By Mahmoud Habboush REUTERS ABU DHABI: Five activists from the United Arab Emirates pleaded not guilty Monday to charges of incitement and insulting the Gulf country’s leadership, their lawyer said, in a trial rights groups argued is aimed at silencing political dissent.
Police arrested the activists and intellectuals last April, and the attorney general told state news agency WAM the men were suspected of inciting “acts that threaten state security and public order,” and “insulting the president, vice president and the crown prince of Abu Dhabi.” The UAE has been spared political unrest even as mass protests hit its borders in neighboring Oman and Yemen earlier this year.
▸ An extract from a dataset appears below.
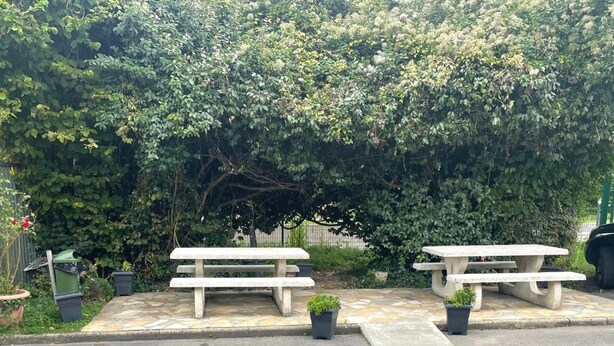 Two outdoor picnic tables with potted plants in front, set against a backdrop of dense foliage. - Hotelf1 Marne la Vallee Collegien (Collegien)
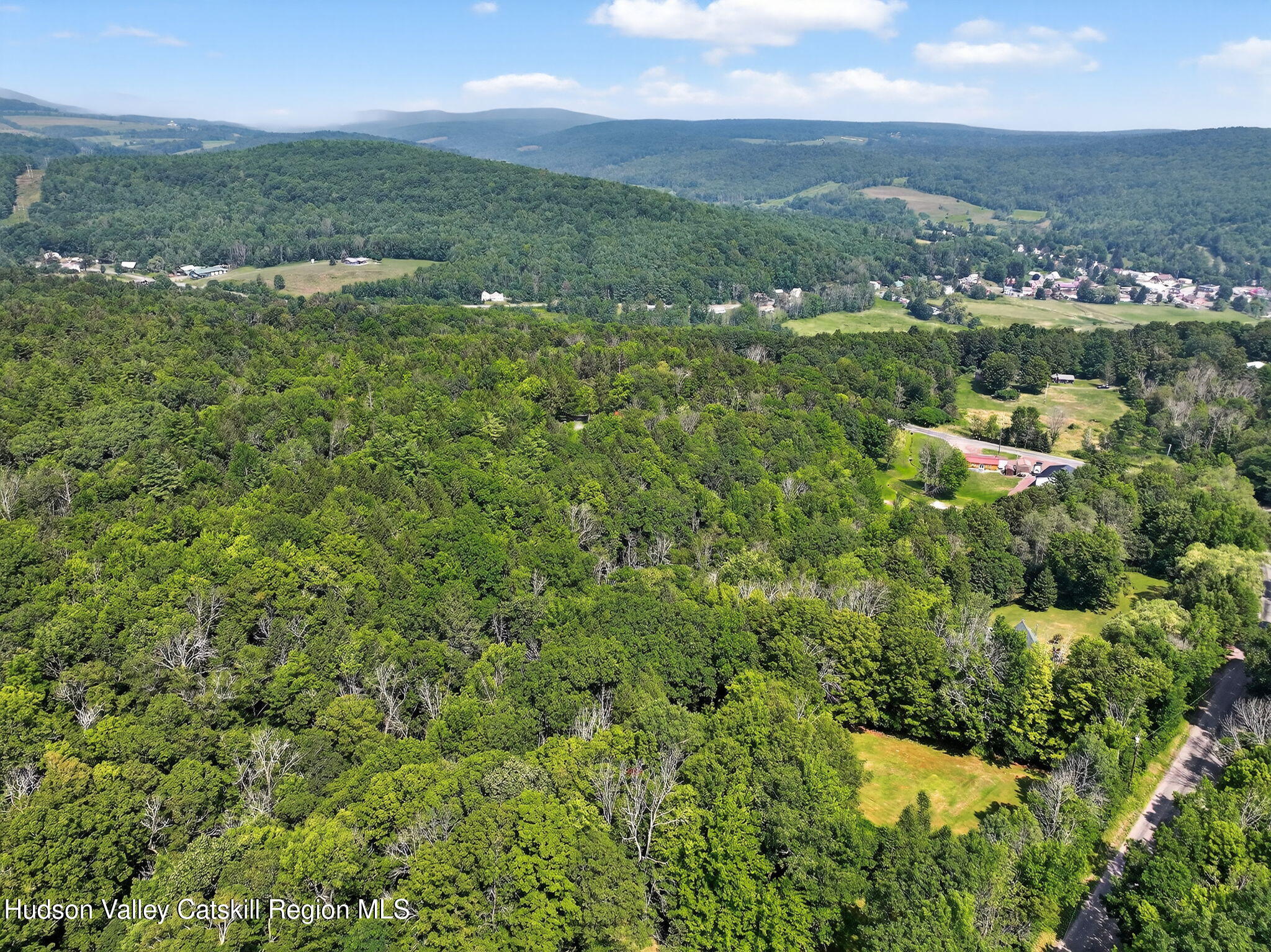 1063 Ferris Hill Road Roxbury, NY 12468 - Photo 54 of 61 62-web-or-mls-1063-ferris-hill-rd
The trial was adjourned for a second hearing next Monday.
“The UAE government is using defamation as a pretext to prosecute activists for peacefully expressing their beliefs about the way their country should be run,” said Philip Luther, Amnesty International’s Middle East and North Africa deputy director, in a joint statement with three other groups, including Human Rights Watch. Among the defendants is Ahmad Mansoor, an outspoken rights activist who joined several dissidents this year to start an online petition demanding the country’s quasi-parliamentary body, the Federal National Council, receive greater powers.
Another defendant, Nasser bin Ghaith, a lecturer at the Abu Dhabi branch of France’s Sorbonne University, published an article criticizing what he called Gulf states’ attempt to avoid political reform by buying off their populaces.
Generous government spending programs in the UAE and a high per capita income of $47,000 has staved off the kind of mass pro-democracy protests that have swept the region. But the activists’ case shows its sensitivity to political dissent. Outside the UAE’s Federal Supreme Court, hundreds gathered in support and a few in protest at the trial.